In 1973, the government launched a five-year development plan (the first of a series of such plans that have guided the country'seconomy into the 21st century). The policy of nationalization was gradually revised and was replaced by a 19-point program announced in 1979 that emphasized greater productivity and efficiency. In an effort to encourage private investment, the government also returned many state-owned enterprises to the private sector.
The typical household in Bangladesh, particularly in the villages, includes several generations of extended family. Most marriages are arranged by parents or other relatives, but increasing numbers of educated men and women choose their own partners. Custom and religion among Muslims require that a dowrye offered by the husband to the wife, but it is usually claimed only in the event of separation or at the husband’s death. Divorce is permissible among Muslims, and Muslim law (Sharīʿah) permits limited polygyny, although it is not widespread. Hindus may obtain a separation by application to a court of law.
The main festivals in Bangladesh are religious. The two most important are Eid al-Fitr, which comes at the end of Ramadan, the Muslim month of fasting, and Eid al-Adha, the festival of sacrifice, which falls on the 10th day of the last month of the Islamic calendar.

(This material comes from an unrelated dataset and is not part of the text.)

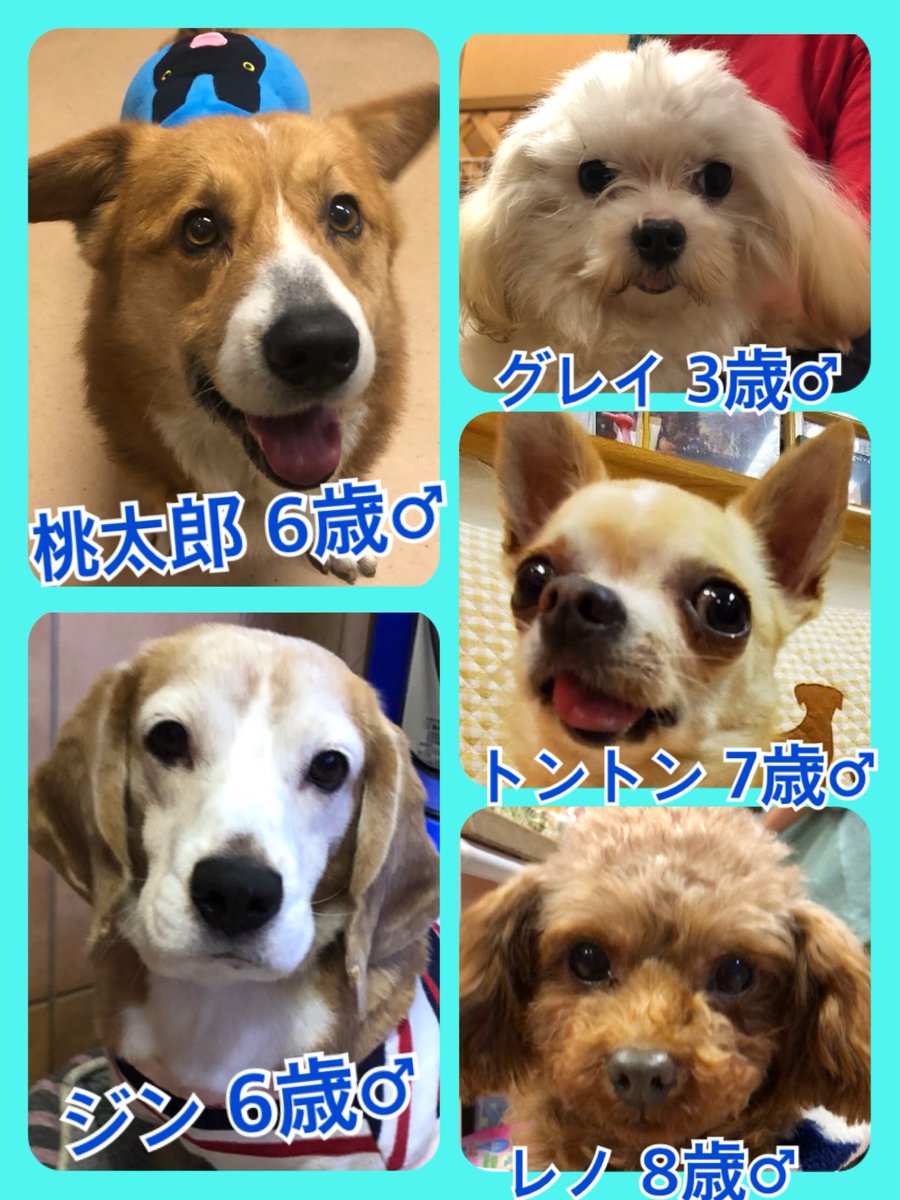 🐾今日の里親様募集中ワンコ🐶メンバーです🐾2020,2,11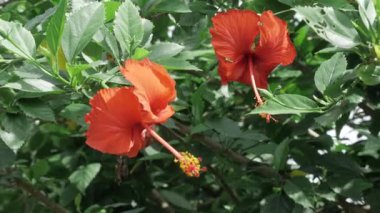 Vibrant Floral Paradise - A Journey Into the World of Colorful Flowers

On both occasions families and friends exchange visits.
While rice, pulses, and fish continue to constitute the staple diet of Bangladeshis, shortages of rice since World War II have forced the acceptance of wheat and wheat products as alternatives. Meat, including goat and beef, also is eaten, especially in the towns. At weddings and other festive occasions, seasoned rice (pilau) accompanies highly spiced meat dishes and curries. Bangladesh is noted for a large variety of milk-based sweets.

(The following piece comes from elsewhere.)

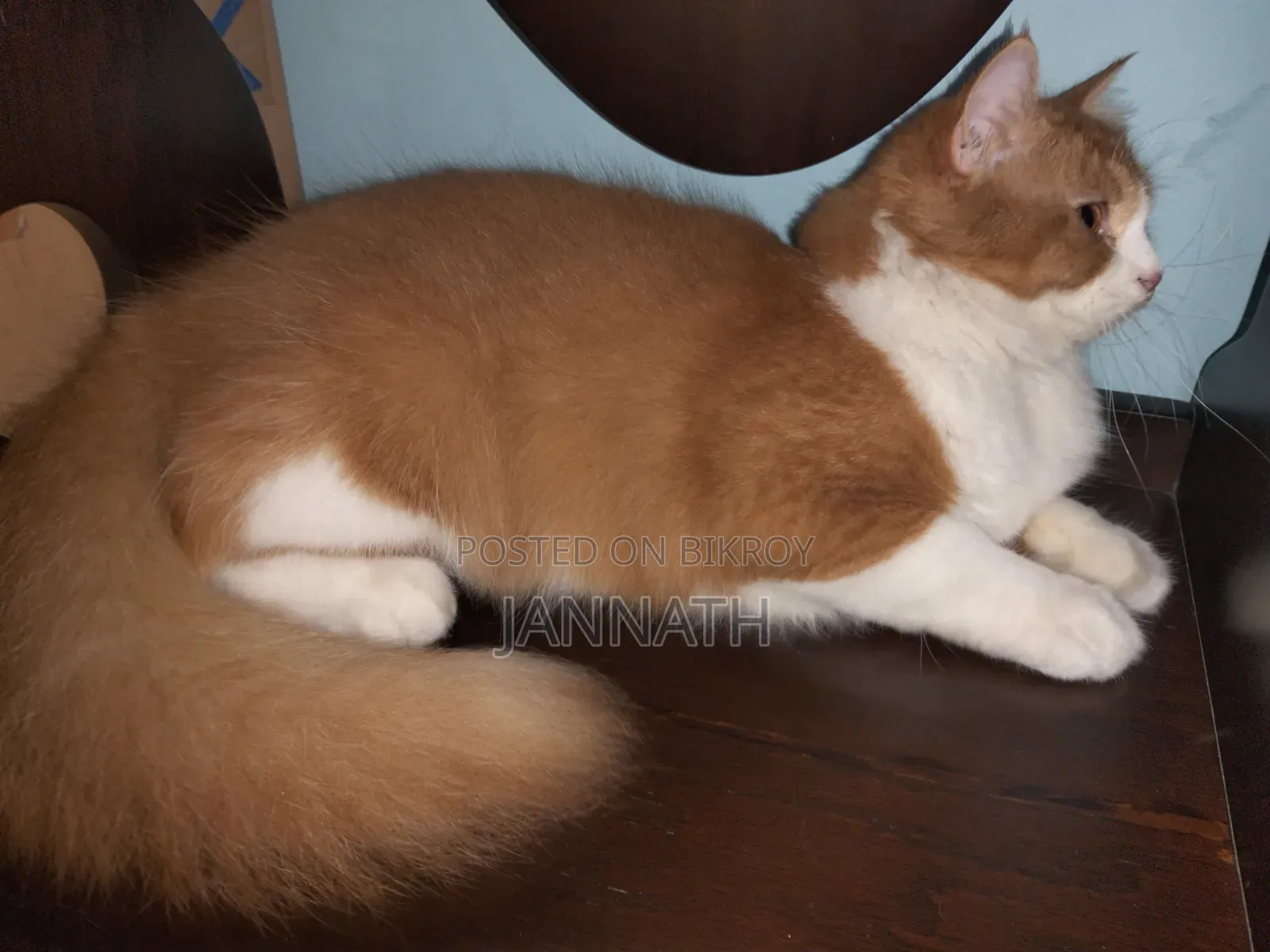 3-6 Months Female Purebred Persian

The lungi (a length of cloth wrapped around the lower half of the body, comparable to the Malaysian sarong) with a short vest is the most common form of male attire in the countryside and in the less-wealthy sections of urban settlements. Men of the educated classes prefer light cotton trousers called pajamas (from which the English word originates) and a kind of collarless knee-length shirt known as a panjabi. On more formal occasions they dress in a modification of the Western suit. The traditional sherwani and churidar, calf-length tunic and close-fitting trousers, are still seen at weddings, where they are worn along with the turban. The sari is common among women, but girls and younger women, especially students, prefer the shalwar kamiz, a combination of calf-length shirt and baggy silk or cotton trousers gathered at the ankles.
Sports and recreation
During the 20th century, football (soccer) emerged as the preeminent sport in Bangladesh. Field hockey, cricket, tennis, adminton, and wrestling also are popular. Bangladesh made its Olympic debut at the 1984 Summer Games in Los Angeles. Indigenous games of the "touch-and-run" type, however, remain among the favourites of children and youths. One such game, called kabadi, requires each of two teams in turn to send out a player to raid the other's territory. The raider must, while chanting, touch as many opposing players as he can without taking a breath. Kite flying is another traditional pastime enjoyed by young and old alike. The making of elaborate kites from cloth or paper is a distinctive form of visual art as well.